No relato de Gavilan visualizamos de forma clara a severidade e o autoritarismo presente no espaço escolar boliviano e, mais grave ainda, a maneira como é realizada a violência física: o professor atribuindo a outrem – um aluno – a função de aplicar a punição naquele que errou. Assim, temos a violência praticada, primeiro em sua forma simbólica, que fornece a legitimidade do ato em si pelo volume de capital possuído, no caso pelo professor, e segundo, na forma física por intermédio da concretização da ação.

Nesse ponto podemos evocar Weill (1996, p. 174), quando afirma que “[...] a escola deveria ser imaginada de uma forma totalmente nova [...]”, para que o ensino nela expresso permitisse ao indivíduo egresso de seu espaço, visualizar uma sociedade mais justa e solidária, livre de opressões e aviltamentos.

Contudo, constatamos nesses relatos que, passadas décadas da proposição que Weill expôs em 1941, o espaço escolar pouco mudou e, conseqüente, pouco auxilia nas mudanças de paradigmas da sociedade.

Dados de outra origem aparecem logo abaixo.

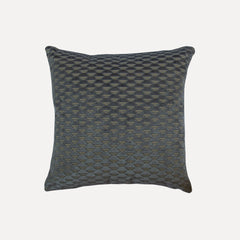 Aztec Charcoal Cushion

No relato que segue, Gavilan nos apresenta o momento que esteve estudando em Cochabamba, uma vez que estava morando com seus avós, visto que seus pais haviam migrado ao Brasil.

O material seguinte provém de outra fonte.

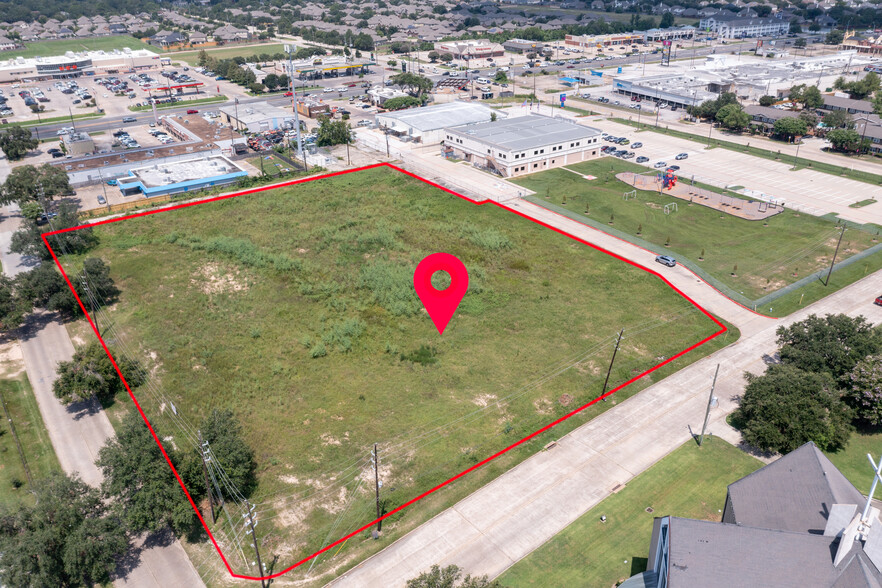 Keith Harrow Blvd, Houston, TX for sale - Building Photo - Image 3 of 13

Mas teve uma vez em Cochabamba, já tinha evoluído, já tinha mais coisa, já tinha bordado, tinha tudo, pintura, tinha educação artística...Lá era bem legal. Aqui a maioria, você não faz muita coisa manual, você aprende a coisa da arte. Lá também aprende. Mas.... faz também, e eu achava legal por que eu gosto de montar, desenhar...Mas bordar eu não gostava muito, era muito difícil, e a professora era muito brava...Alguns colegas, e até a professora, me chamavam de filhinho de papai.. Meus avós eram aposentados, não tinha o porquê deles me chamarem de filhinho de papai, eu não andava com dinheiro, mas sempre eu ia para escola arrumado, sempre limpinho. Que minha avó era chatona nesses negócios, mandava lavar todos os dias. Lá era legal, porque homem era camisa calça social, sapato preto e gravata. Bem uniformizado mesmo. E tinha que ir assim. E tinha alunos que não tinha condições. Eles pensavam que eu tinha dinheiro, vários uniformes...Às vezes tinha problema com isso na escola. É. Social. Eles pensavam que eu tinha dinheiro, mas eu não era, eu nem andava com dinheiro na escola.Onde eu morava era como se fosse um distrito bem longe da cidade. Era perto do quartel ainda. Minha rua era do quartel. Era tudo cara do campo, que tinha vaca, pasto, tinha as casa deles e vendiam leite, queijo...Só assim que eles viviam. Onde eu morava não fazia nada. Meus avós também... Era só na aposentadoria. (Gavilan)

Nos apresenta Gavilan, um certo deslocamento no período que estudou nessa escola em Cochabamba, à medida que estava situada em um espaço social carente e, sua situação social destoava da maioria dos colegas de classe, e até dos professores. Relata-nos que o capital cultural e econômico que possuía não o estimulava a ser diferente, contudo, o habitus que possuía revelava as diferenças e distinções entre os indivíduos que compartilhavam o seu cotidiano na escola.